By: Estadistika -- Julia

Re-posted from: https://estadistika.github.io//julia/python/packages/relational-databases/2019/07/07/Interfacing-with-Relational-Database-using-MySQL.jl-and-PyMySQL.html

Prior to the advent of computing, relational database can be thought of log books typically used for inventory and visitor’s time-in time-out. These books contain rows that define the item/transaction, and columns describing the features of each row. Indeed, these are the core attributes of any relational database. Unlike spreadsheets, which are used for handling small datasets, databases are mostly used for storing huge transactional data for later use. They run on a server and often at the backend of any user (client) interface such as websites and mobile applications. These applications communicate with database via processing servers (e.g. Flask and Django). The figure below illustrates the request and response communcations between client and servers.
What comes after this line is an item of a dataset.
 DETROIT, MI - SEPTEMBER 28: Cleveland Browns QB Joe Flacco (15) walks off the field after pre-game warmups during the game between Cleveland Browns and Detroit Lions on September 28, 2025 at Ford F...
As mentioned earlier, databases are meant to store data for later use — in the sense that we can use it as a response to client’s requests, such as viewing or data extraction for insights. In this article, we are interested in data extraction from the database. In particular, the objective is to illustrate how to send request to MySQL server, and how to process response both from Julia and Python.

MySQL Server Setup

To start with, we need to setup MySQL server in our machine. Click the following link to download and install the application.

Note that I recommend you to download the latest version of MySQL since the setup above is using the old version.

Query: Creating Database

In order to appreciate what we are aiming in this article, we need to go through some basic SQL queries to understand what type of request to send to MySQL server. I’m using macOS, but the following should work on Windows as well. For macOS users, open the MySQL Server Shell by running mysql -u root -p (hit return or enter , and type in your MySQL root password you specified during the installation setup from the previous section) in the terminal. For windows, try to look for it in the Start Menu.
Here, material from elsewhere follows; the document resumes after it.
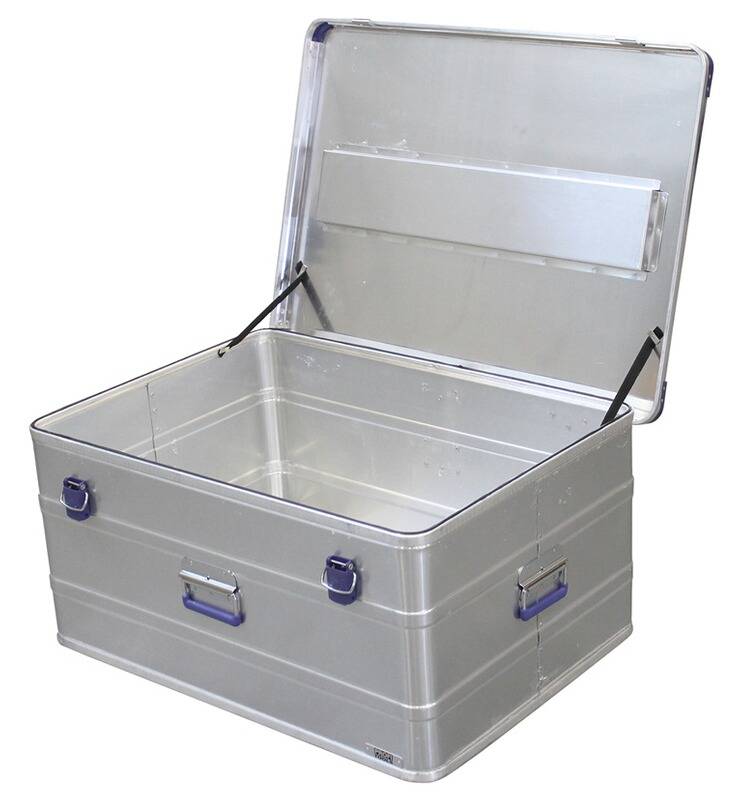 Eine Metalllagerkiste aus Silber mit offenen Deckel, ausgestattet mit blauen Griffen und Eckenschützern, zeigt einen geräumigen, leeren Innenraum.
From here, we are going to check the available databases in MySQL server. To do this, run the following:

SHOW DATABASES;
-- +--------------------+
-- | Database |
-- +--------------------+
-- | information_schema |
-- | mysql |
-- | performance_schema |
-- | sys |
-- +--------------------+
-- 4 rows in set (0.00 sec)

Indeed, there are four out-of-the-box defined databases already, and we don’t want to touch that. Instead, we are going to create our own database, let’s call it tutorial. To do this, run the following codes:
CREATE DATABASE tutorial;
-- Query OK, 1 row affected (0.01 sec)
SHOW DATABASES;
-- +--------------------+
-- | Database |
-- +--------------------+
-- | information_schema |
-- | mysql |
-- | performance_schema |
-- | sys |
-- | tutorial |
-- +--------------------+
-- 5 rows in set (0.00 sec)
USE tutorial;
-- Database changed
SELECT DATABASE();
-- +------------+
-- | DATABASE() |
-- +------------+
-- | tutorial |
-- +------------+
-- 1 row in set (0.00 sec)

The best thing about SQL syntax is that, everything is self-explanatory, except maybe for line 19, which simply confirmed that we are using tutorial as our database.

Query: Creating Table

Next is to create a table for our database, we are going to use the 2019 Philippine Election results with columns: Last Name, First Name, Party, Votes. Further, for purpose of illustration, we are going to use the top 5 senators only.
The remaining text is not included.